Уже в армии, когда меня отобрали в школу сержантов, я рассказал о себе и ждал
решения своей судьбы. Меня допросили. Я не подозревал, что о "Молодой гвардии"
уже знают. Неделю жил в ожидании - потом вызвали и сказали: с вами все в
порядке. Воевал, прошел офицерские курсы при штабе армии, старшим лейтенантом
вернулся в свою часть. В 1945 году направлен на учебу в Ленинград, и вся жизнь с
тех пор здесь. А в 1946 году получил после войны первый отпуск и поехал домой, в
Краснодон... И в сорок восьмом, уже морским офицером, приезжал.
- И какими были встречи?
- Все мы, которые остались живы, решили навестить родителей наших товарищей,
обойти все семьи. Входишь в дом, сначала слезы, потом бутылка на стол -
помянуть, а потом опять слезы. Очень большая тяжесть, непосильная...

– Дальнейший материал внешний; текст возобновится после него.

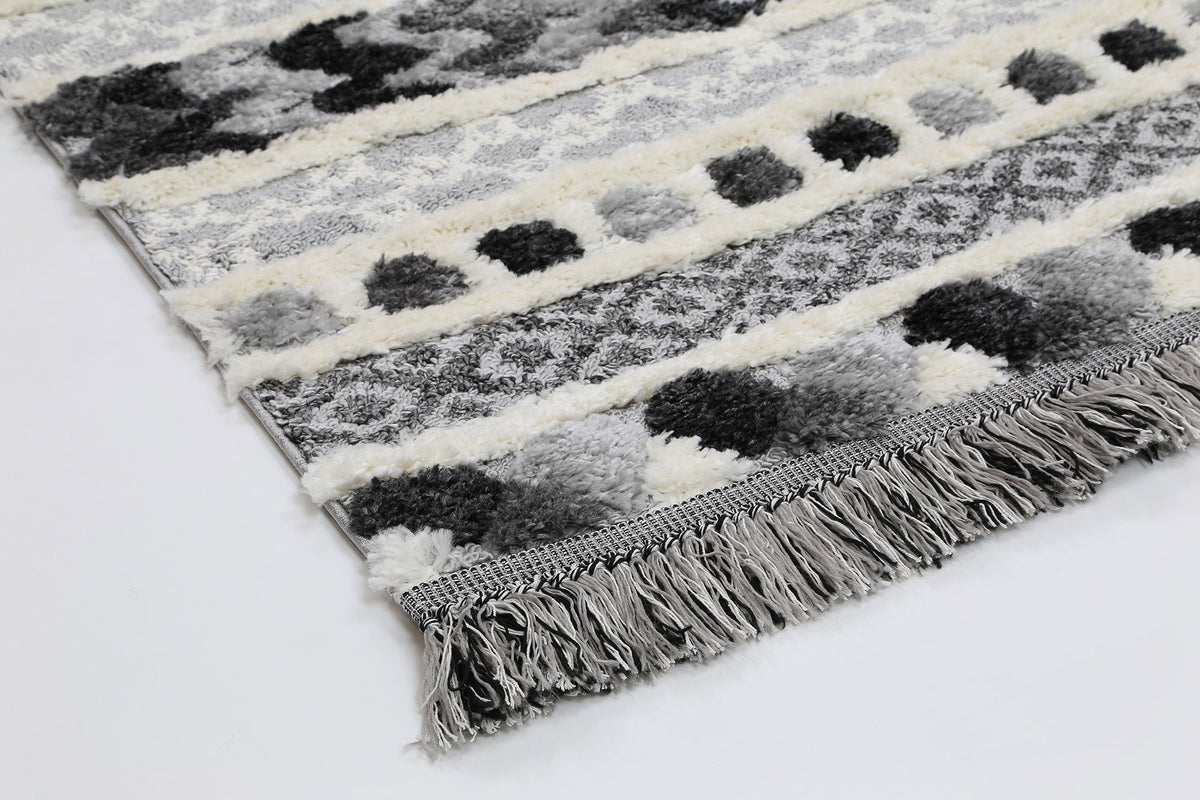 Kaza Tribal Carved Cream Anthracite Rug - 9025A GREY – view 5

- А роман "Молодая гвардия" когда впервые прочли?
- Я еще раньше знал, что Фадеев пишет книгу о нас. Главы еще в войну
печатались в газете.
- И что ему пришлось создавать вторую редакцию книги - знаете?
- Да, знаю. Еще на фронт он прислал мне письмо с просьбой рассказать
подробнее о роли партийного подполья. Отреагировал я весьма эмоционально:
дескать, у вас в Москве уже затемнение снято (то есть вы уже фактически мирной
жизнью живете), а у нас тут фронт, и для осмысливания вашего вопроса нет
условий. Но вообще у него многие вещи схвачены тонко - чувства, переживания...
- Вы часто встречались с вашими соратниками?
- С Арутюнянцем мы дружили всю жизнь. И теперь жива его вдова, я поддерживаю
с ней отношения. Георгий тоже стал профессиональным военным. Ездили вместе на
разные встречи - он из Москвы, я из Питера...
- А тем временем менялась жизнь, уходили друзья... Последние годы очень
трудно воспринимаются ветеранами. А вы производите впечатление спокойного,
далекого от растерянности человека...
- Знаете, что я вам скажу? Незадолго до смерти Леонида Ильича мы собирались
на встрече моряков крейсера "Свердлов". Рядом со мной сидел знакомый, военный
медик. Я спросил его, чем он сейчас занят. "Проблемой долголетия", - говорит. "И
как?" - "Ничего. Наши препараты Брежнев принимает". - "Успешно?" - "Лет на
десять-двенадцать хватит". Помню, я с ужасом подумал: если действительно
десять-двенадцать лет... После этого у нас уже не будет никакой возможности
когда-нибудь построить нормальную жизнь. Было очень обидно - неужели зря погибли
мои друзья, так любившие Родину? Но сложилось по-другому, и перемены в стране не
стали для меня неожиданным шоком. Конечно, я не думал, что будет так тяжело, но
легко и не могло быть.
...В восемнадцатилетнем возрасте юноша Вася Левашов из украинского городка
Краснодона прожил как бы отдельную жизнь, полную риска и опасности, где
трагически переплелись мужество и трусость, мальчишеская неопытность и
мужественная самоотдача. Эта жизнь стала страницей истории, которая
переписывалась и гестапо, и НКВД особенно тщательно. Обо всей своей последующей
жизни он говорит так: "Главным моим желанием всегда было как можно больше
соответствовать тому, что обо мне думают, каким меня представляют люди". Доброго
вам здоровья, последний молодогвардеец.